The new Center Stage feature is brilliant, though, that automatically pans and zooms to keep you “centre stage” when you’re on a video call.
It’s cool and, predictably, works as described. I found it perfect for FaceTime calls with the family when cooking in the kitchen or just pacing around aimlessly while bouncing my baby.
Expect to see this feature roll out to every new iPad and iPhone product launched from now on.
As you’d expect, there are no issues here. You’ll get 9-hours of constant “normal” use on a single charge. This will obviously be less if you’re pushing the iPad Pro to its limits with non-stop video or photo editing.
The Thunderbolt/USB-C is a solid win for the Pro. There’s not a lot new here. But its (up to) 40 Gbps bandwidth is good news for “pros” who need to transfer big files or run 6K(!) external displays.
Apple’s engineers are doing things with small speakers that no other brand is able to do. We’ve seen (heard) it before in MacBook and previous high-end iPads, and the run of form continues here. Bass sounds confident and lifelike, while the mid- and higher-tones avoid the shrillness you often get from smaller speakers.
5G Cellular is yet another part of the iPad Pro’s narrative. It’s a tidy add-on for users who need a powerful mobile device for use in the field, where there’s not always going to be a reliable Wi-Fi connection. 5G cellular solves that problem.
Magic Keyboard & Apple Pencil ⌨️
As you’d expect, the 12.9-inch iPad Pro comes with suitable accessories. I’d suggest the Magic Keyboard (available in Black and White for $549) is a must if you’re considering this device. The second-generation Apple Pencil ($239) is more optional, depending on your use.
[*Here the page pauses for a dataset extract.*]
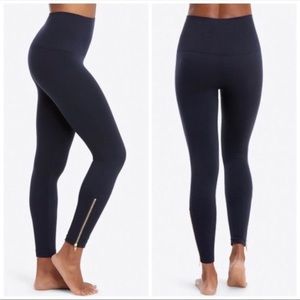 SPANX NWT Seamless Side Zip Legging in Port Navy Blue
Both are the same as the previous year’s.
12.9-inch iPad Pro starts at RRP NZ$1849 for the Wi-Fi model and RRP NZ$2129 for the Wi-Fi + Cellular model from apple.com/nz.
There’s definitely a market for a portable, powerful, big-screened, touch-first Apple device. And the 12.9-inch iPad Pro is agonisingly close to being exactly that. Its screen is one of the best things I’ve used. Its brilliance is compounded with the powerful M1 chip, a range of beautifully-designed accessories, and industry leading-camera rigs. But its inability to budge from being only a touch-first device is (almost) a tragedy.
Here’s what you need to know in a sentence: Brilliant, brilliant, brilliant hardware, with iPadOS software.
I’ll let you decide whether that’s a good thing or not.